I’m a big fan of the movie, “Waiting for Superman” It scratches the surface of all the things that are wrong with our public education system today. I’ll spare you the movie review here but I will say this:
Unless our elementary and secondary education system undergoes drastic changes by the year 2050 China will have assumed the role as the leader economically, politically, militarily, and culturally. HSBC is running great adverts talking about tapping into a world of potential one of their adverts is the following:
“There are 5 times as many people learning English in China as there are people in England.”
According to the Office of National Statistics (ONS) there are approximately 51mm people in England (which is likely an understatement given the last estimate was in 2008). Even so, that would mean 250mm people in China are learning English. That is a staggering number and goes to show how competitive our world is and about to be.

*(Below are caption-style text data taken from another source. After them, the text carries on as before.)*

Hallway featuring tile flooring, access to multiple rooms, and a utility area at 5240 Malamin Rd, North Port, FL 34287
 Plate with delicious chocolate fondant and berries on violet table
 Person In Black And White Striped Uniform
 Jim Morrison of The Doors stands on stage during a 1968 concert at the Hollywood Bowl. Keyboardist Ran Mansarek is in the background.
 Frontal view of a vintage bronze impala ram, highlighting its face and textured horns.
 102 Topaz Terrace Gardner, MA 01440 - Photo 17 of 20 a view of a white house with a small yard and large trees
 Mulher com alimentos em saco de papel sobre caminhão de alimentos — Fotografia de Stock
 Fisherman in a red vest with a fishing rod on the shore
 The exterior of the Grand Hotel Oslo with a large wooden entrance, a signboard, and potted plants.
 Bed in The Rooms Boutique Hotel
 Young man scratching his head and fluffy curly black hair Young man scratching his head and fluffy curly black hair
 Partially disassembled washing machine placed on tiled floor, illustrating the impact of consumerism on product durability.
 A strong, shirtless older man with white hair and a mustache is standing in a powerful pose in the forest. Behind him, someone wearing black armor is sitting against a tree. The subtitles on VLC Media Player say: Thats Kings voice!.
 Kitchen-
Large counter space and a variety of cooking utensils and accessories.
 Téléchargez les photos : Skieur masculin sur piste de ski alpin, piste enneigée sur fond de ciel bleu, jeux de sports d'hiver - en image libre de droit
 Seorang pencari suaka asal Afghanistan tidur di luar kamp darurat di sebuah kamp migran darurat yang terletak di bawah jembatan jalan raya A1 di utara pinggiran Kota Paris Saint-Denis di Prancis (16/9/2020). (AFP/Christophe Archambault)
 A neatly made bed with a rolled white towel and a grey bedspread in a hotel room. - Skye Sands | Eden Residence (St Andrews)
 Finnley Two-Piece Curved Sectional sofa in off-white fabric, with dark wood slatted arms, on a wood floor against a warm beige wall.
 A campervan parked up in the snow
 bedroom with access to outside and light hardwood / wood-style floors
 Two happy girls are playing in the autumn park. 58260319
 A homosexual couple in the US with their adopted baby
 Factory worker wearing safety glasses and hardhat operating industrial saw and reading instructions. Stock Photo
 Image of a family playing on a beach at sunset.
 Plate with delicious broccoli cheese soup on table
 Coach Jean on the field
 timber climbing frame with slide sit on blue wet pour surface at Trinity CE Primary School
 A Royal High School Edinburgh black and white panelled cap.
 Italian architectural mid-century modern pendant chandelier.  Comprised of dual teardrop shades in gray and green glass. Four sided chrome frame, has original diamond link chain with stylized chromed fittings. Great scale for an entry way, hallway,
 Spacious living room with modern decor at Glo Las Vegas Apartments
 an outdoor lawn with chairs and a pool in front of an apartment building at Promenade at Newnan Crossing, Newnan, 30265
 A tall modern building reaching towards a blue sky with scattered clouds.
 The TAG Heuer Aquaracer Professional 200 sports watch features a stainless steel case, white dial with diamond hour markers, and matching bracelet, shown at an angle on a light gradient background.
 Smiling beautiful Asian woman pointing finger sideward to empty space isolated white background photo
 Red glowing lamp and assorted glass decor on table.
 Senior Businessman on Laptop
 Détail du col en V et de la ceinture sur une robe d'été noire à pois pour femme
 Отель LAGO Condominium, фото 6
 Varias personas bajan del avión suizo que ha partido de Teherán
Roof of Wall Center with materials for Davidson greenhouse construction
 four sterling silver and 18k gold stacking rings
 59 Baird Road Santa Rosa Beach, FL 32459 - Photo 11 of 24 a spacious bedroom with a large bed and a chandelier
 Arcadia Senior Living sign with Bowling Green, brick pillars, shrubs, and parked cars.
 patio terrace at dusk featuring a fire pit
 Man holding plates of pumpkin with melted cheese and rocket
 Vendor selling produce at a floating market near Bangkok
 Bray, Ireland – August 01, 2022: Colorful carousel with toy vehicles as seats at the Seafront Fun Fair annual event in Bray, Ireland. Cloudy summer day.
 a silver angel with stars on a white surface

Gone are the days when one could just cruise through high school, stumble into a good college, get a degree, and enter into the workforce and earn an above-average salary. The world is smaller, the supply of students and workers available workers bigger, while technology renders many labor intensive work spaces obsolete. Globalization and technology have made it more difficult for American educated students to find work.
This has also exposed the shortcomings of our public school system. Inept policies, overworked inner-city teachers, and lack of funding makes the public school model outdated and ineffectual. Charter schools seem like an easy solution, especially when it appears they are performing miracles. However, looking deeper one sees two main skeletons in the closet.
1) They cook the books to make it seem like they can turn water into wine. What I mean, is that they are very selective with who remains in the school. The kids who can’t hack it or the ones who don’t “fit in” are booted from the program. That usually means kids who are failing for whatever reason. This leaves all the kids who conform and adapt well to the environment who post strong results.
2) Ask any normal charter school teacher if they think their lifestyle is sustainable. Any regular teacher (and not someone so high on KIPP kool-aid) will tell you that they work 14 hour days and most of the weekend. If you were to compute the hourly salary of a charter school teacher it would be equivalent to a worker at Arby’s. My point – charter schools grind their teachers to the bone which makes it difficult for anyone to have any sort of life outside of school. Starting a family ? Forget about it if you are a charter school teacher.
Now, while I do think the charter school model, with some tinkering, is the way forward (and while it does produce above average results) the thinking that these charter schools are the best thing since sliced bread is naive.
Either way, the public school system is so wrought with bureaucracy, corruption, incompetence, long lines, and red tape, that its prospects for being the agent of change in our education system are very slim.